So how is this any different from all the random employees who might have access to this data as part of their jobs? I would understand if there was this sort of scrutiny over every federal employee but as it stands I never know who has access to my data and if they can be trusted.
This is generally quite restricted. I personally had to undego a "Public trust" civilian security clearance (which is binding for life unlike the 75 years of TS-SCI).
Except in exceptionally poorly run or small organisations, random employees do not have access to everything; generally they need a reason to look at stuff, and there’s a paper trail indicating that they looked at it.
The fact that it crosses departmental boundaries. The fact that the employee has multiple businesses that could benefit from such data.
accountabilty and role-based permissions based on least-privilege.
None of that matters with what DOGE is doing. That should worry you.

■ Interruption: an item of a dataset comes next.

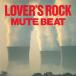 Mute Beat mute свекла / LOVER'S ROCK (UHQCD) (Hi Quality CD)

I strongly suspect no single employee had access to all that data.
> So how is this any different from all the random employees who might have access to this data as part of their jobs?
Are you asking why it's any different a non-American billionaire who has multipole government contracts having access to your data any different than Joe Bob who was hired and vetted by those same people unlike the other guy?
There are considerable processes to make sure that happens, including proper background checks, seniority at the job, etc. You don't just hand some rando newbie the keys to the kingdom -- any company that did that would be laughed at.
Yeah I more concerned “God Mode” is a thing that exists. One would hope that these systems are heavily locked down but my experience maintaining legacy systems makes me think “God mode” is a thing you get because you have to run a quarterly report and it is too much of a hassle setting up the correct permissions.
It is not, it's the same there are just different people viewing your private information, probably more corrupt who banks all that money to themselves now instead of it going to whoever it was going to previously.
Usually you don’t have access to “everything”. It might even be illegal to cross reference certain data, e.g., the same person or department might not even be allowed to have access to two databases.
I don’t know if the cross reference is true for the US, but it is for other countries.